Kris Anaya, Joseph Davancens, and Fernando Oliva formed Best Move in 2019. Anaya and Davancens, the primary songwriters of the group, have spent the better part of the past decade playing a wide variety of music under various banners.
Best Move take direction from two sources, the first being the cinematic song stylings of sardonic yet unfettered, quasi-confessional 1960s and ’70s troubadours like Randy Newman, Van Dyke Parks, Brian Wilson, and Harry Nilsson. The band’s name is even from the latter’s song of the same).
The second inspiration for their music is the “visual scoring” of indie pop song placement in 21st-century TV shows and films, where the music quickly took on the personalities and sensibilities of its makers.

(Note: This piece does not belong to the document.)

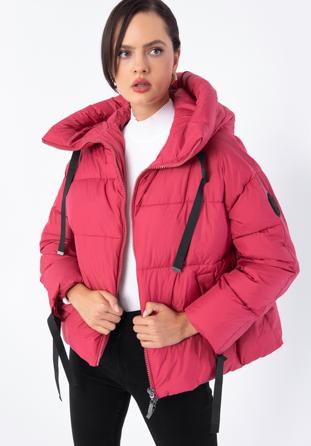 Dámská prošívaná bunda s manžetami na rukávech, světle růžový, 97-9D-401-P-XL, Obrázek 1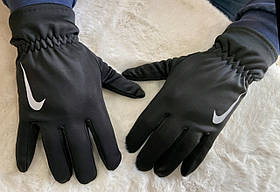 Чоловічі чорні зимові теплі флісові рукавички із сенсором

Anaya was sparked by film and TV soundtracks, citing specifically the niche rock takeover of post-2000-era films by directors like Michel Gondry, Sofia Coppola, and Wes Anderson. He worked to inject the new material with that same sense of visual emotion.
Big Takeover is pleased to host the premiere of the nostalgic and engaging Mirror Twins Image EP today.
Symphonic indie pop reverie “Invisible Sigh” flows with gently reflective vocals, pastoral to glowing guitar lines, shining percussion, and the sweet shiver of strings. A cycle of mellifluous acoustic guitar notes and cinematic tape reel clicks inform the appropriately named “Guitar Loop.”
The hazy daydream vibe continues on the contemplative title track that touched by woodwinds, golden motif of guitar lines, and melancholic, drawn out vocals. A hushed bed of synths materializes occasionally, with lower bass accompaniment adding to the ruminative feeling.
Melodic “A Phrase” picks up the pace with a pluckier rhythm of kinetic drumwork that pushes the song along,while the soft, layered vocal harmonies are emotionally more assertive. EP-ender “Out Of Touch” is a poignant piano-led lament that knows how to use sonic lulls to increase the pensive nature of the track.
Lyrically, the standards prevail—love, loss, friendship, searching for purpose—but the themes bubble under the surface of a sea of metaphor, leaving the listener to decipher the message in their own way.
Anaya calls their sound a, “thank you to the past,” and while a warm, familiar tone echoes throughout the band’s universe, something unmistakably modern remains. Perhaps it is simply the sound of a decade of winding, disparate avenues finally convening in a perfect center, or of the confidence that comes from recognizing, at last, a perfect fit.